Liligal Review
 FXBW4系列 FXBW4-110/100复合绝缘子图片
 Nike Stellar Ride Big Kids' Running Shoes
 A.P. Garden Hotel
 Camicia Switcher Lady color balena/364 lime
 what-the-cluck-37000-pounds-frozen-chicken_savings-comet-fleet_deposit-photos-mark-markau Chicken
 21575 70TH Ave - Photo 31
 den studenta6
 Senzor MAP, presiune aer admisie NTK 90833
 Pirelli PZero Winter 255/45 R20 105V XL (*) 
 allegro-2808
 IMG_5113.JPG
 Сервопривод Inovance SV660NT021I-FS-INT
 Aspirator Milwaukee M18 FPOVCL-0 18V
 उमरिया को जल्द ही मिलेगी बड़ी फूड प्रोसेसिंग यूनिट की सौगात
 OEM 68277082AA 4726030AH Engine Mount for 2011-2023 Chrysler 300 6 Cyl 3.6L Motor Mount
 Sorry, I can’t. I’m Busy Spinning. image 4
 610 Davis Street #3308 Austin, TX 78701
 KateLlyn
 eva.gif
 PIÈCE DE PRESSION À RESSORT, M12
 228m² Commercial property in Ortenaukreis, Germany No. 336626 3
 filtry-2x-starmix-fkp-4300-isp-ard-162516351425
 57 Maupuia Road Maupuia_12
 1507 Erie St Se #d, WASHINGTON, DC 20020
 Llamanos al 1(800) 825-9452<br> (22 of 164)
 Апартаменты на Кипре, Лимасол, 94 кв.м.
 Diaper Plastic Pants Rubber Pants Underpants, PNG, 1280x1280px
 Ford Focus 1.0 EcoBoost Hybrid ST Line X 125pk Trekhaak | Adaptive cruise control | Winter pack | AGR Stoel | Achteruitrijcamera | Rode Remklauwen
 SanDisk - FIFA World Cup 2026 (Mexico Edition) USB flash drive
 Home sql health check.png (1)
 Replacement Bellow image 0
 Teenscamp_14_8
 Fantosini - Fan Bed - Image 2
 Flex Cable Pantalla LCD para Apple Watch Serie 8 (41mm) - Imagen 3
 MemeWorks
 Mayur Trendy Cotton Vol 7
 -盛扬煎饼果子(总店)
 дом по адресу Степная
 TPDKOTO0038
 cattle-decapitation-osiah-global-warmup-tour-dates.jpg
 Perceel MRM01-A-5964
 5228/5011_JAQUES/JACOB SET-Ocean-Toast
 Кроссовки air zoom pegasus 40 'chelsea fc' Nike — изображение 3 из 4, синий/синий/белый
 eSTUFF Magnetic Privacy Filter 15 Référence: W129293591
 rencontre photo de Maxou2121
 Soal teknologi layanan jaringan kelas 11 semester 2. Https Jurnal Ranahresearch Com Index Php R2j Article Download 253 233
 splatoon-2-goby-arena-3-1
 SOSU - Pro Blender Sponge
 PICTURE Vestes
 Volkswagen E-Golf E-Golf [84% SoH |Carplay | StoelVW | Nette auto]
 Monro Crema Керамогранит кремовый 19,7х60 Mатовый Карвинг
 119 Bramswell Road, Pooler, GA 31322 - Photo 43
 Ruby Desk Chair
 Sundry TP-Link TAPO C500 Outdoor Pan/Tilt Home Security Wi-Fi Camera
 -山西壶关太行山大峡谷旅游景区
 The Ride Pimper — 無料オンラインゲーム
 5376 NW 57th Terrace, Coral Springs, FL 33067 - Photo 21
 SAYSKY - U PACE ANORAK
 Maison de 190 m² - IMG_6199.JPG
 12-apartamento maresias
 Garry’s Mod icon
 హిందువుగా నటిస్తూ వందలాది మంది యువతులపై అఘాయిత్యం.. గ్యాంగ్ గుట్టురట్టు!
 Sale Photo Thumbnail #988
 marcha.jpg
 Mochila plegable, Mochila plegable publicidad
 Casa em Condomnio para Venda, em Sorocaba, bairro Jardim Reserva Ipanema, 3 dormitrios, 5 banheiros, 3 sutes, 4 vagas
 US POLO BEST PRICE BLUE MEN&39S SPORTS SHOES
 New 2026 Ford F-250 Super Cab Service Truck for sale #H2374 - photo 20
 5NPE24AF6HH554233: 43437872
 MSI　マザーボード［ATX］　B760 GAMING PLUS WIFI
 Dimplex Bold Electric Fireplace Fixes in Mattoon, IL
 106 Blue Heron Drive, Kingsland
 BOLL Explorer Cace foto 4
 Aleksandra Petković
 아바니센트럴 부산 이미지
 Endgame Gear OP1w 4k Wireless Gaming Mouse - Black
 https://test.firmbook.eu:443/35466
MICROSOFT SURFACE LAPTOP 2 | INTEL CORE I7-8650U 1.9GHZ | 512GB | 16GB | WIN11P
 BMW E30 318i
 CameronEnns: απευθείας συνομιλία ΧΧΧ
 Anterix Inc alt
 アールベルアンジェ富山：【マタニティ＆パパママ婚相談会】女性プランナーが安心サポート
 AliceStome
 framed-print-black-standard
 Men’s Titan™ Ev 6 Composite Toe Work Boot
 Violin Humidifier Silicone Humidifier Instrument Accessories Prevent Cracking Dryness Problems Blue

* THE PROBLEM *
In full and without error, retype the entries above.

* ANSWER TO THIS PROBLEM *
Liligal Review
 FXBW4系列 FXBW4-110/100复合绝缘子图片
 Nike Stellar Ride Big Kids' Running Shoes
 A.P. Garden Hotel
 Camicia Switcher Lady color balena/364 lime
 what-the-cluck-37000-pounds-frozen-chicken_savings-comet-fleet_deposit-photos-mark-markau Chicken
 21575 70TH Ave - Photo 31
 den studenta6
 Senzor MAP, presiune aer admisie NTK 90833
 Pirelli PZero Winter 255/45 R20 105V XL (*) 
 allegro-2808
 IMG_5113.JPG
 Сервопривод Inovance SV660NT021I-FS-INT
 Aspirator Milwaukee M18 FPOVCL-0 18V
 उमरिया को जल्द ही मिलेगी बड़ी फूड प्रोसेसिंग यूनिट की सौगात
 OEM 68277082AA 4726030AH Engine Mount for 2011-2023 Chrysler 300 6 Cyl 3.6L Motor Mount
 Sorry, I can’t. I’m Busy Spinning. image 4
 610 Davis Street #3308 Austin, TX 78701
 KateLlyn
 eva.gif
 PIÈCE DE PRESSION À RESSORT, M12
 228m² Commercial property in Ortenaukreis, Germany No. 336626 3
 filtry-2x-starmix-fkp-4300-isp-ard-162516351425
 57 Maupuia Road Maupuia_12
 1507 Erie St Se #d, WASHINGTON, DC 20020
 Llamanos al 1(800) 825-9452<br> (22 of 164)
 Апартаменты на Кипре, Лимасол, 94 кв.м.
 Diaper Plastic Pants Rubber Pants Underpants, PNG, 1280x1280px
 Ford Focus 1.0 EcoBoost Hybrid ST Line X 125pk Trekhaak | Adaptive cruise control | Winter pack | AGR Stoel | Achteruitrijcamera | Rode Remklauwen
 SanDisk - FIFA World Cup 2026 (Mexico Edition) USB flash drive
 Home sql health check.png (1)
 Replacement Bellow image 0
 Teenscamp_14_8
 Fantosini - Fan Bed - Image 2
 Flex Cable Pantalla LCD para Apple Watch Serie 8 (41mm) - Imagen 3
 MemeWorks
 Mayur Trendy Cotton Vol 7
 -盛扬煎饼果子(总店)
 дом по адресу Степная
 TPDKOTO0038
 cattle-decapitation-osiah-global-warmup-tour-dates.jpg
 Perceel MRM01-A-5964
 5228/5011_JAQUES/JACOB SET-Ocean-Toast
 Кроссовки air zoom pegasus 40 'chelsea fc' Nike — изображение 3 из 4, синий/синий/белый
 eSTUFF Magnetic Privacy Filter 15 Référence: W129293591
 rencontre photo de Maxou2121
 Soal teknologi layanan jaringan kelas 11 semester 2. Https Jurnal Ranahresearch Com Index Php R2j Article Download 253 233
 splatoon-2-goby-arena-3-1
 SOSU - Pro Blender Sponge
 PICTURE Vestes
 Volkswagen E-Golf E-Golf [84% SoH |Carplay | StoelVW | Nette auto]
 Monro Crema Керамогранит кремовый 19,7х60 Mатовый Карвинг
 119 Bramswell Road, Pooler, GA 31322 - Photo 43
 Ruby Desk Chair
 Sundry TP-Link TAPO C500 Outdoor Pan/Tilt Home Security Wi-Fi Camera
 -山西壶关太行山大峡谷旅游景区
 The Ride Pimper — 無料オンラインゲーム
 5376 NW 57th Terrace, Coral Springs, FL 33067 - Photo 21
 SAYSKY - U PACE ANORAK
 Maison de 190 m² - IMG_6199.JPG
 12-apartamento maresias
 Garry’s Mod icon
 హిందువుగా నటిస్తూ వందలాది మంది యువతులపై అఘాయిత్యం.. గ్యాంగ్ గుట్టురట్టు!
 Sale Photo Thumbnail #988
 marcha.jpg
 Mochila plegable, Mochila plegable publicidad
 Casa em Condomnio para Venda, em Sorocaba, bairro Jardim Reserva Ipanema, 3 dormitrios, 5 banheiros, 3 sutes, 4 vagas
 US POLO BEST PRICE BLUE MEN&39S SPORTS SHOES
 New 2026 Ford F-250 Super Cab Service Truck for sale #H2374 - photo 20
 5NPE24AF6HH554233: 43437872
 MSI　マザーボード［ATX］　B760 GAMING PLUS WIFI
 Dimplex Bold Electric Fireplace Fixes in Mattoon, IL
 106 Blue Heron Drive, Kingsland
 BOLL Explorer Cace foto 4
 Aleksandra Petković
 아바니센트럴 부산 이미지
 Endgame Gear OP1w 4k Wireless Gaming Mouse - Black
 https://test.firmbook.eu:443/35466
MICROSOFT SURFACE LAPTOP 2 | INTEL CORE I7-8650U 1.9GHZ | 512GB | 16GB | WIN11P
 BMW E30 318i
 CameronEnns: απευθείας συνομιλία ΧΧΧ
 Anterix Inc alt
 アールベルアンジェ富山：【マタニティ＆パパママ婚相談会】女性プランナーが安心サポート
 AliceStome
 framed-print-black-standard
 Men’s Titan™ Ev 6 Composite Toe Work Boot
 Violin Humidifier Silicone Humidifier Instrument Accessories Prevent Cracking Dryness Problems Blue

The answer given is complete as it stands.